Weird. seems fixed after I recreated the psql db. With service error

Apr 07 16:57:17 hastur systemd[1]: Started atticd.service.
░░ Subject: A start job for unit atticd.service has finished successfully
░░ Defined-By: systemd
░░ Support: https://lists.freedesktop.org/mailman/listinfo/systemd-devel
░░ 
░░ A start job for unit atticd.service has finished successfully.
░░ 
░░ The job identifier is 6966.
Apr 07 16:57:17 hastur atticd[3734]: Attic Server 0.1.0 (release)
Apr 07 16:57:17 hastur atticd[3734]: Running migrations...
Apr 07 16:57:17 hastur atticd[3734]: Starting API server...
Apr 07 16:57:17 hastur atticd[3734]: Listening on [::]:8083...
Apr 07 16:57:41 hastur atticd[3734]: thread 'main' panicked at /nix/store/eeeeeeeeeeeeeeeeeeeeeeeeeeeeeeee-vendor-cargo-deps/c19b7c6f923b580ac259164a89f2577984ad5ab09ee9d583b888f934adbbe8d0/sqlx-postgres-0.7.3/src/message/parse.rs:31:13:
Apr 07 16:57:41 hastur atticd[3734]: assertion failed: self.param_types.len() <= (u16::MAX as usize)
Apr 07 16:57:41 hastur atticd[3734]: note: run with `RUST_BACKTRACE=1` environment variable to display a backtrace
Apr 07 16:57:42 hastur systemd[1]: atticd.service: Main process exited, code=exited, status=101/n/a
░░ Subject: Unit process exited
░░ Defined-By: systemd
░░ Support: https://lists.freedesktop.org/mailman/listinfo/systemd-devel
░░ 
░░ An ExecStart= process belonging to unit atticd.service has exited.
░░ 
░░ The process' exit code is 'exited' and its exit status is 101.
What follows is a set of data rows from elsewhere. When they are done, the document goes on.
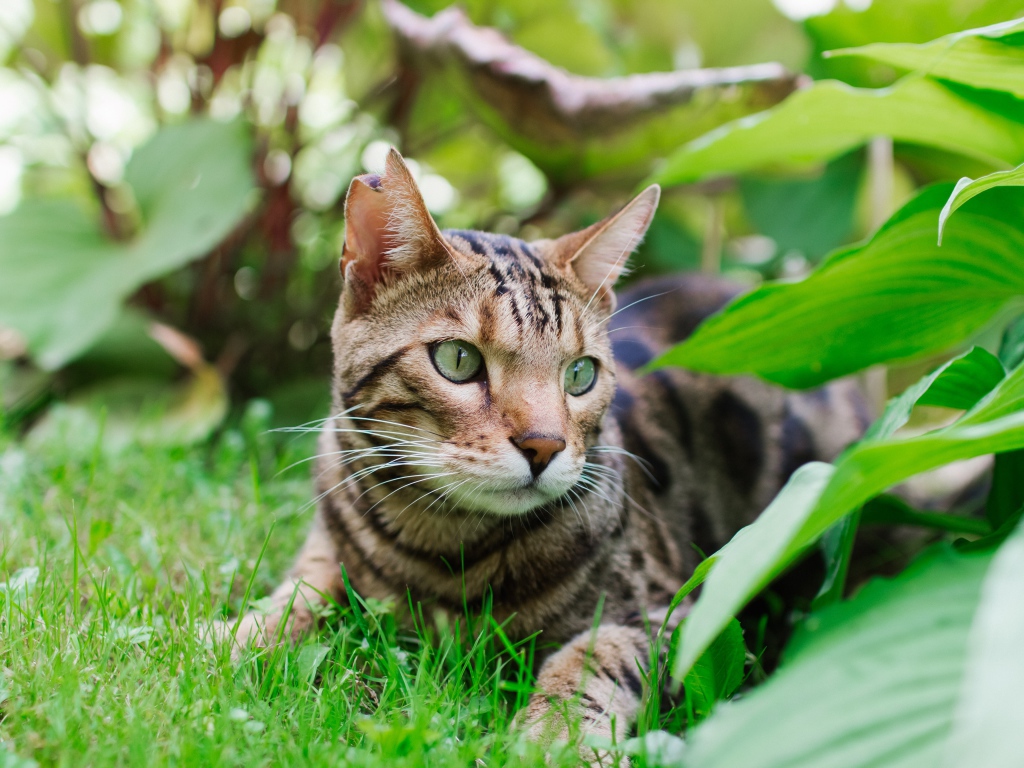 Красивая бенгальская кошка лежит на траве 
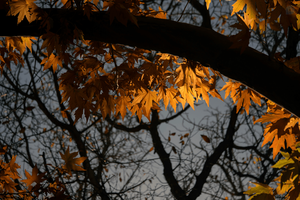 زیبایی های پاییزی (عکس مصطفی معراجی)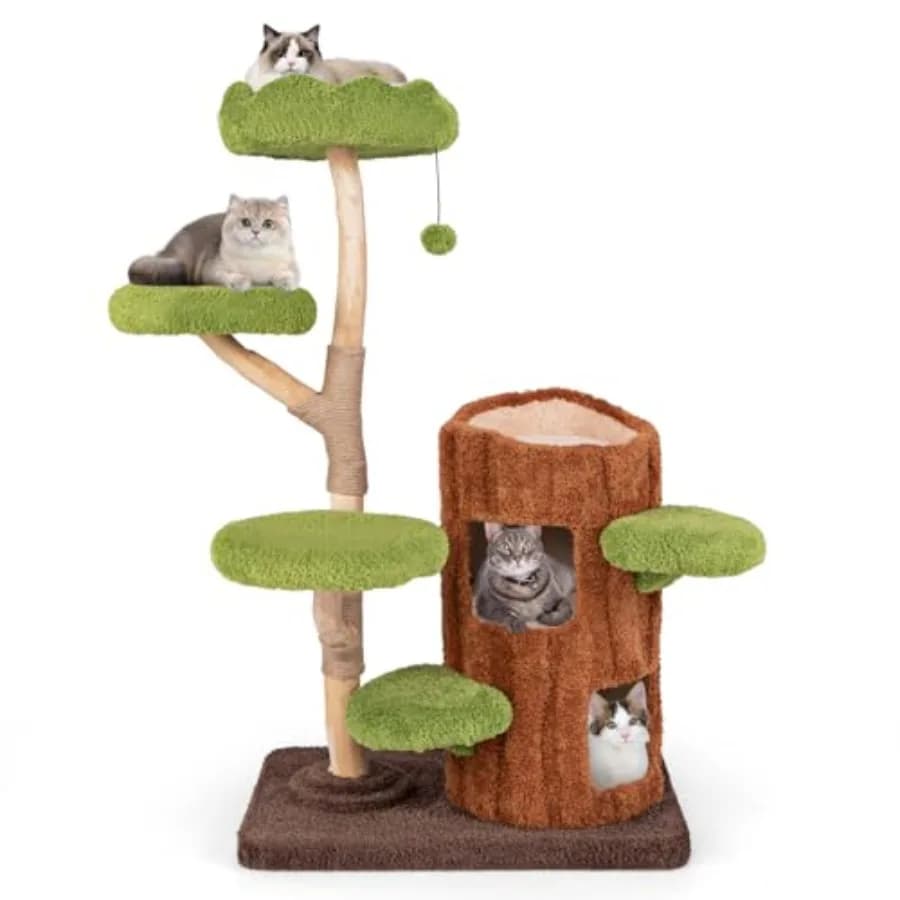 Albero per Gatti in Legno Massello per Gatti da Interno, Grande, per Adulti, a 2 Livelli, con Tana, Tiragraffi, Rami in Legno e Pannello Superiore in Sisal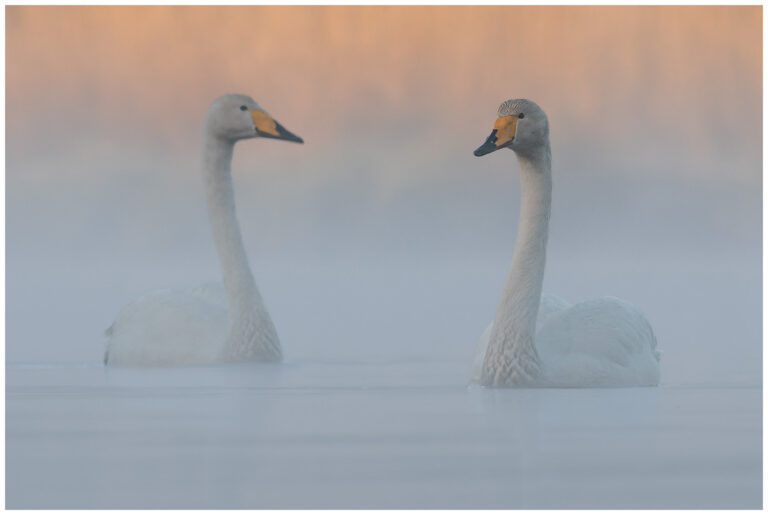 Sångsvan - Whooper Swan ett par sångsvanar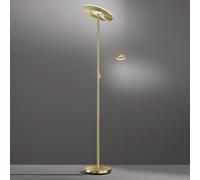 FISCHER & HONSEL Piantana LED Dent, color ottone, 180 cm, CCT, a 2 luci FISCHER & HONSEL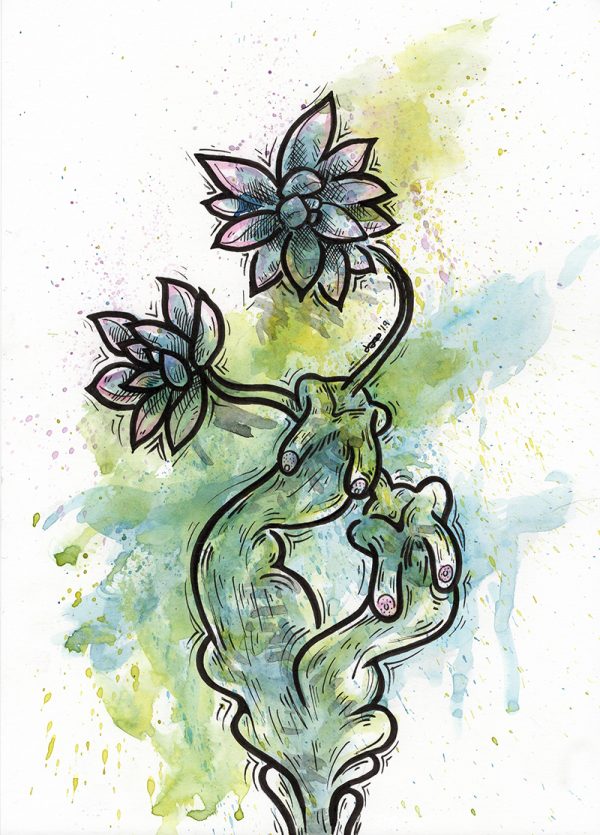 Succulent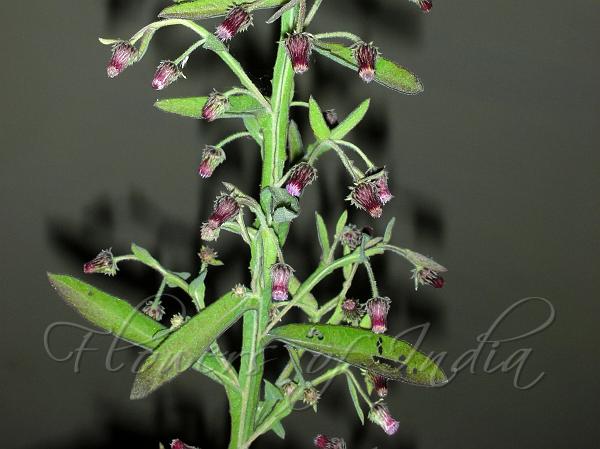 Winged-Stem Laggera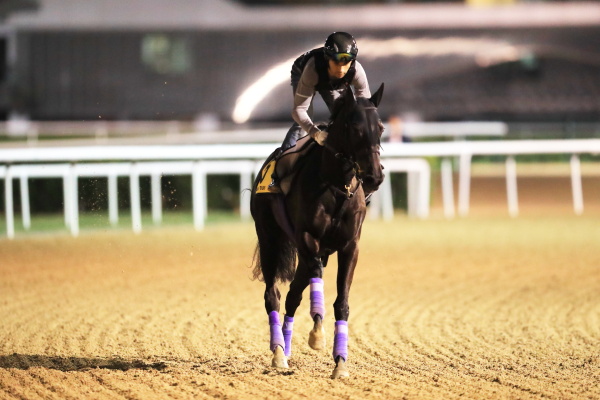 3.24　日本馬の様子の画像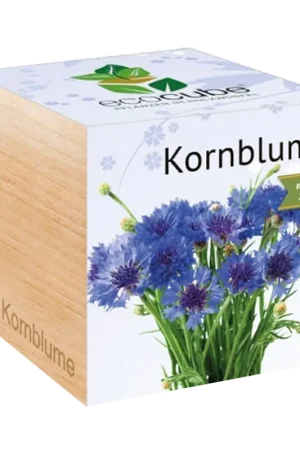 Direct beschikbaar | Feel Green ecocube Korenbloem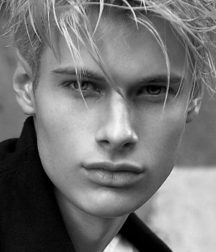 Handsome Faces portrait twink tube art 61f41e2d4040e.png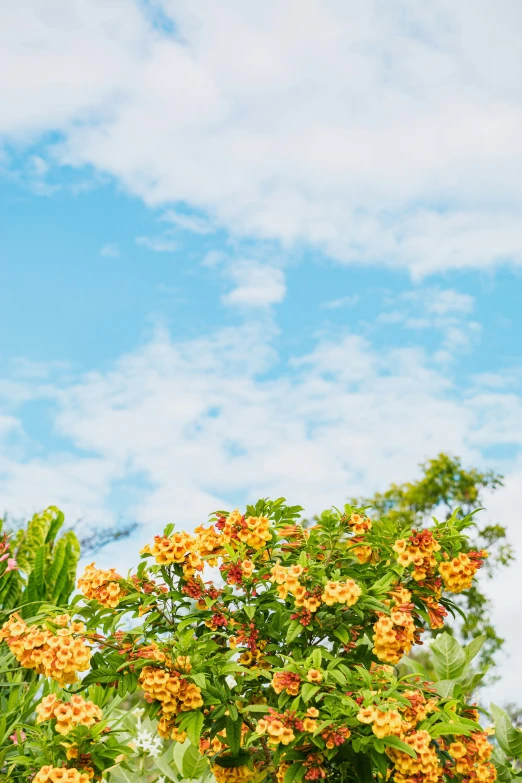 a clock tower in the distance with flowers near by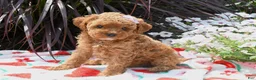 Miniature Poodle dogs for sale: Bethlin - Ad 2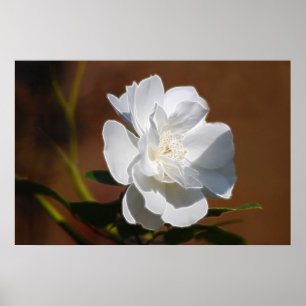 Poster Rose blanche et signification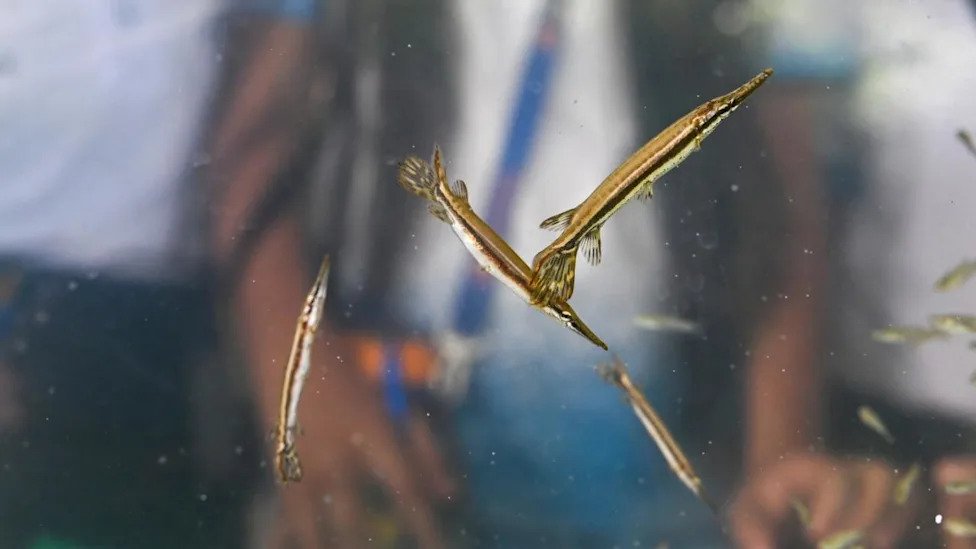 Guatemala busca asegurar la supervivencia del pejelagarto, el pez “fósil”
I don't know about the h2 issues, but that assertion failure sounds similar to #130 and #115 (which has a PR attempting to fix it: #116).

Running into this issue too with my CI. Reverse proxy is Caddy, attic is using postgresql via UNIX sockets + S3 via garage. Occasionally it'll cause it to just stop using it as a substituter as it'll randomly decide to have spurious H2 failures which is pretty annoying. No errors in my attic logs when this happens.

error: unable to download 'https://attic.kennel.juneis.dog/conduwuit/nar/yx6f4mdc4050n19hfvc5hy8rcf8sm0qw.nar': HTTP error 200 (curl error: Stream error in the HTTP/2 framing layer)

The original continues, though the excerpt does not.